Besonders volatil stellt sich laut Einschätzung des deutschen Auswärtigen Amt die Lage im Nordosten Syriens (v. a. Gebiete unmittelbar um und östlich des Euphrats) dar. Als Reaktion auf einen, von der Türkei der PKK zugeschriebenen, Terroranschlag mit mehreren Toten in Istanbul startete das türkische Militär am 19.11.2022 eine mit Artillerie unterstützte Luftoperation gegen kurdische Ziele u. a. in Nordsyrien. Bereits zuvor war es immer wieder zu vereinzelten, teils schweren Auseinandersetzungen zwischen türkischen und Türkei-nahen Einheiten und Einheiten der kurdisch dominierten SDF (Syrian Defence Forces) sowie Truppen des Regimes gekommen, welche in Abstimmung mit den SDF nach Nordsyrien verlegt wurden. Als Folge dieser Auseinandersetzungen, insbesondere auch von seit Sommer 2022 zunehmenden türkischen Drohnenschlägen, wurden immer wieder auch zivile Todesopfer, darunter Kinder, vermeldet. Auch waren die SDF gezwungen, ihren Truppeneinsatz angesichts türkischer Luftschläge und einer potenziellen Bodenoffensive umzustrukturieren. Durch türkische Angriffe auf die zivile Infrastruktur sind auch Bemühungen um die humanitäre Lage gefährdet. Die Angriffe beschränkten sich bereits im 3. Quartal 2022 nicht mehr nur auf die Frontlinien, wo die überwiegende Mehrheit der Zusammenstöße und Beschussereignisse stattfanden; im Juli und August 2022 trafen türkische Drohnen Ziele in den wichtigsten von den SDF kontrollierten städtischen Zentren und töteten Gegner (und Zivilisten) in Manbij, Kobanê, Tell Abyad, Ar-Raqqa, Qamishli, Tell Tamer und al-Hassakah. Bereits im Mai 2022 hatte der türkische Präsident Recep Tayyip Erdoğan eine vierte türkische Invasion seit 2016 angekündigt. Die Türkei unterstellt sowohl den Streitkräften der YPG als auch der Democratic Union Party (PYD) Nähe zur von der EU als Terrororganisation gelisteten Arbeiterpartei Kurdistans (PKK) und bezeichnet diese daher ebenfalls als Terroristen und Gefahr für die nationale Sicherheit der Türkei (LIB, Seite 46 f).

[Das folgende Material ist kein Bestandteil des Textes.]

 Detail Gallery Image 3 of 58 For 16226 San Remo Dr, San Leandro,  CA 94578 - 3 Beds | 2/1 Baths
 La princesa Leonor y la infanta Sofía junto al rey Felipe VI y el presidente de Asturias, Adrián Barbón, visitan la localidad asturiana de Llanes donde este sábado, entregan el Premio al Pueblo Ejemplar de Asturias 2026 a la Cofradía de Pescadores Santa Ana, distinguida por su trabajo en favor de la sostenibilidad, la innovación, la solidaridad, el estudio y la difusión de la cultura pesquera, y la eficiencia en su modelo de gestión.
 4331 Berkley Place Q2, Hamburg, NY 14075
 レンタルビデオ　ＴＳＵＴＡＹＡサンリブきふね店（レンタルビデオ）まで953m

Der Rückzug der USA aus den Gebieten östlich des Euphrat im Oktober 2019 ermöglichte es der Türkei, sich in das Gebiet auszudehnen und ihre Grenze tiefer in Syrien zu verlegen, um eine Pufferzone gegen die SDF zu schaffen. Aufgrund der türkischen Vorstöße sahen sich die SDF dazu gezwungen, mehrere tausend syrische Regierungstruppen aufzufordern, in dem Gebiet Stellung zu beziehen, um die Türkei abzuschrecken, und den Kampf auf eine zwischenstaatliche Ebene zu verlagern. Regimekräfte sind seither in allen größeren Städten in Nordostsyrien präsent. Die Türkei stützte sich bei ihrer Militäroffensive im Oktober 2019 auch auf Rebellengruppen, die in der 'Syrian National Army' (SNA) zusammengefasst sind; seitens dieser Gruppen kam es zu gewaltsamen Übergriffen, insbesondere auf die kurdische Zivilbevölkerung sowie Christen und Jesiden (Ermordungen, Plünderungen und Vertreibungen). Aufgrund des Einmarsches wuchs die Zahl der intern vertriebenen Menschen im Nordosten auf über eine halbe Million an (LIB, Seite 47 f).

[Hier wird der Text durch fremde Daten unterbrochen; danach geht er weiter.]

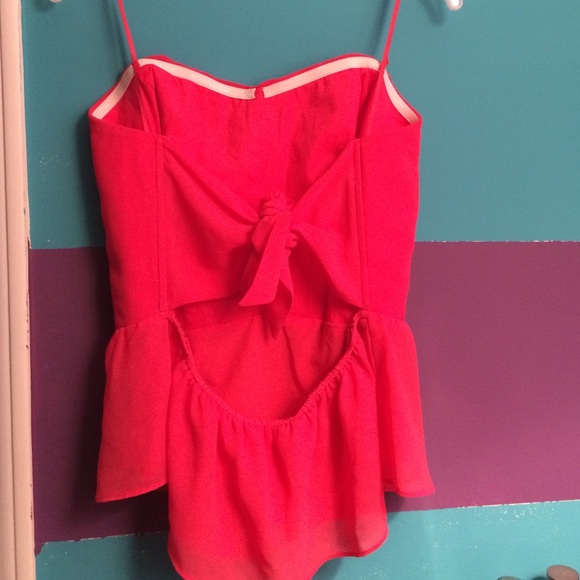 Guess Top - Picture 2 of 2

Entgegen früheren Ankündigungen bleiben die USA weiterhin militärisch präsent. Am 4.9.2022 errichteten die US-Truppen einen neuen Militärstützpunkt im Dorf Naqara im Nordosten Syriens, der zu den drei Standorten der US-geführten internationalen Koalition in der Region Qamishli gehört. Der neue Militärstützpunkt kann dazu beitragen, die verstärkten Aktivitäten Russlands und Irans in der Region zu überwachen; insbesondere überblickt er direkt den von den russischen Streitkräften betriebenen Luftwaffenstützpunkt am Flughafen Qamishli. Er ist nur wenige Kilometer von den iranischen Militärstandorten südlich der Stadt entfernt. Hinzukamen wiederholte Luft- bzw. Drohnenangriffe zwischen den in Nordost-Syrien stationierten US-Truppen und Iran-nahen Milizen (LIB, Seite 49 f).

SDF, YPG und YPJ [Anm.: Frauenverteidigungseinheiten] sind nicht nur mit türkischen Streitkräften und verschiedenen islamistischen Extremistengruppen in der Region zusammengestoßen, sondern gelegentlich auch mit kurdischen bewaffneten Gruppen, den Streitkräften des Assad-Regimes, Rebellen der Freien Syrischen Armee und anderen Gruppierungen. Die kurdisch kontrollierten Gebiete im Nordosten Syriens umfassen auch den größten Teil des Gebiets, das zuvor unter der Kontrolle des IS in Syrien stand. Raqqa war de facto die Hauptstadt des IS, und die Region gilt als "Hauptschauplatz für den Aufstand des IS" (LIB, Seite 50).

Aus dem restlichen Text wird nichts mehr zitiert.